— TASK ITEM —
Print every entry exactly as written and exclude all images.

[Brief descriptive captions]
+++

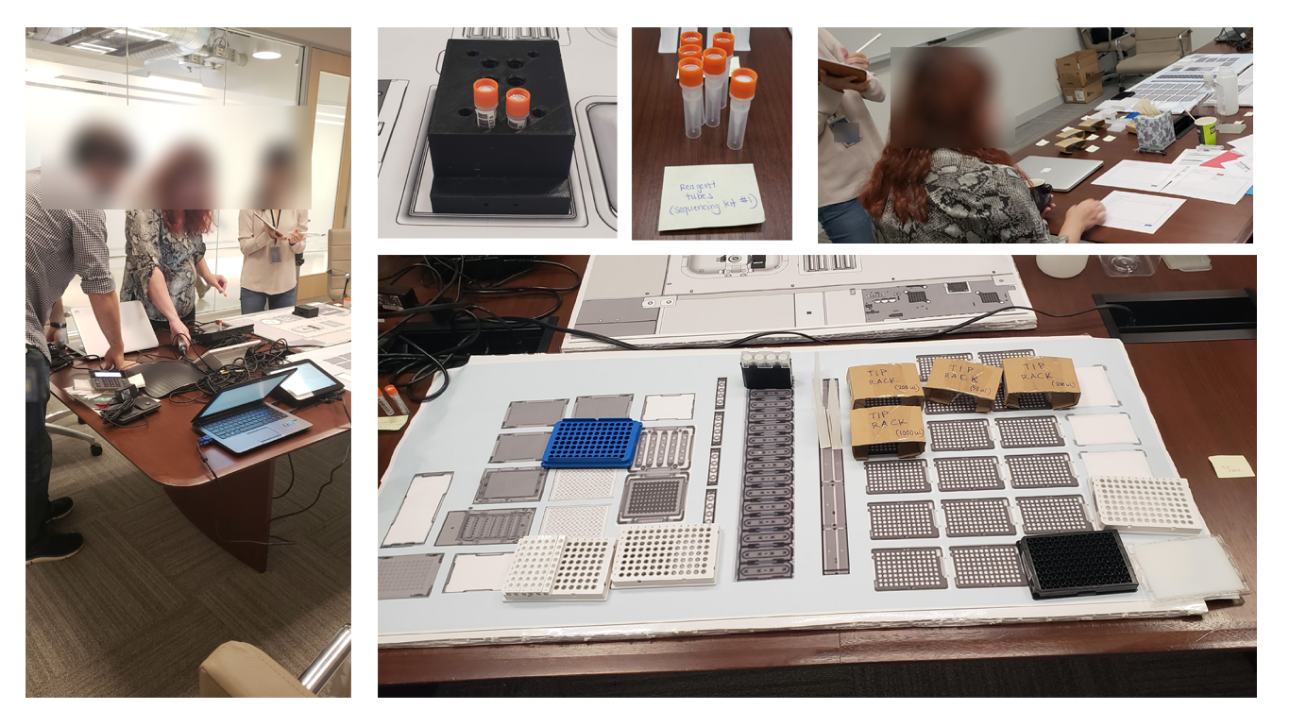 Pictures of the simulated lab environment include cardboard, containers, and consumable canisters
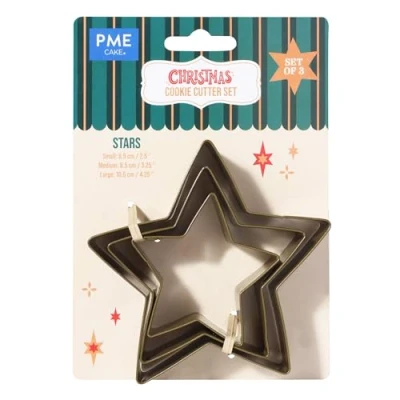 Imagen de PME Navidad Set de 3 Cortadores Galletas Estrellas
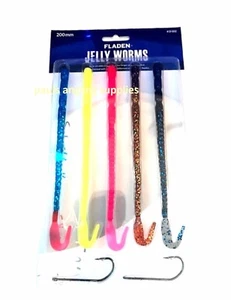 Fladen Fishing 5 x Sea Jelly Worms and Hooks 4/0   200mm      20-6802 - Picture 1 of 1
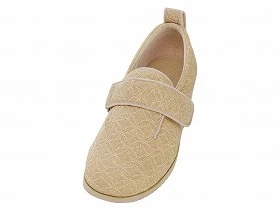 徳武産業 あゆみシューズ 介護靴 施設用 ダブルマジックII 雅（みやび） 9E ベージュ 片足/右LLサイズ 7022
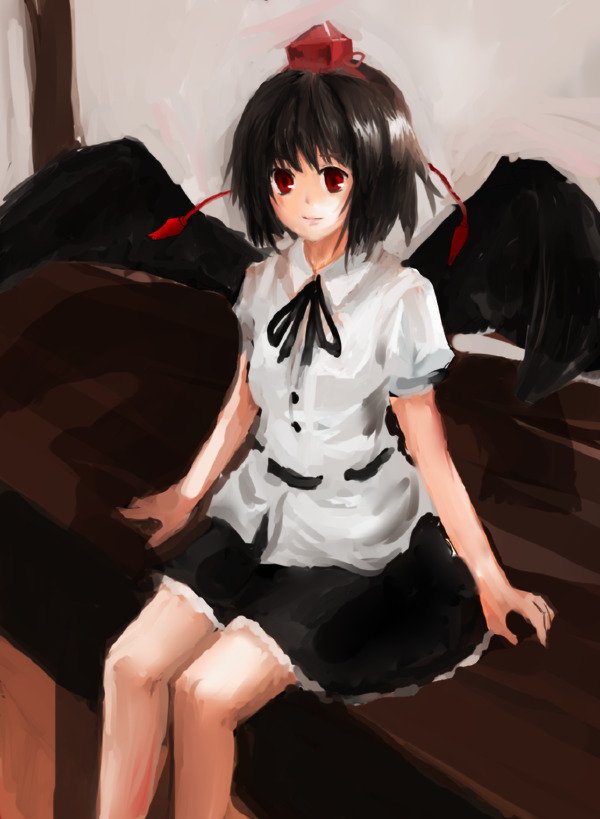 sleetyweather, ten yuki, shameimaru aya, touhou, bad id, bad pixiv id, 1girl, black hair, black wings, female focus, hat, looking at viewer, red eyes, ribbon, short hair, sitting, skirt, solo, wings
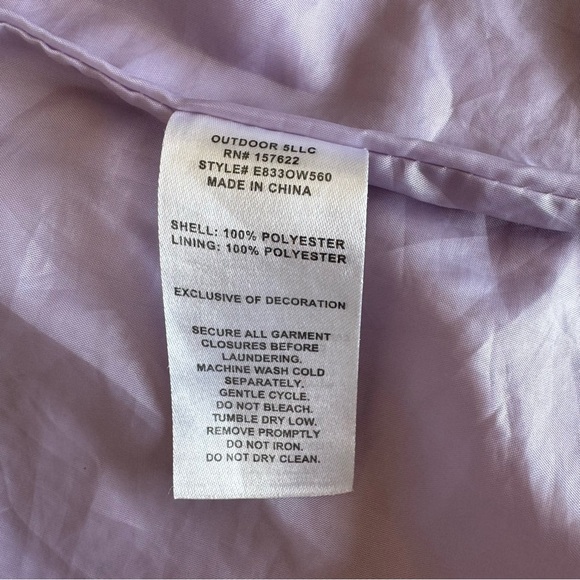 Purple Eddie Bauer Youth Girl’s Hooded Jacket Size Medium 10/12 Double Zip - Picture 6 of 8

+++

— ANSWER TO THIS EXERCISE —
 Pictures of the simulated lab environment include cardboard, containers, and consumable canisters
 Imagen de PME Navidad Set de 3 Cortadores Galletas Estrellas
 Fladen Fishing 5 x Sea Jelly Worms and Hooks 4/0   200mm      20-6802 - Picture 1 of 1
 徳武産業 あゆみシューズ 介護靴 施設用 ダブルマジックII 雅（みやび） 9E ベージュ 片足/右LLサイズ 7022
 sleetyweather, ten yuki, shameimaru aya, touhou, bad id, bad pixiv id, 1girl, black hair, black wings, female focus, hat, looking at viewer, red eyes, ribbon, short hair, sitting, skirt, solo, wings
 Purple Eddie Bauer Youth Girl’s Hooded Jacket Size Medium 10/12 Double Zip - Picture 6 of 8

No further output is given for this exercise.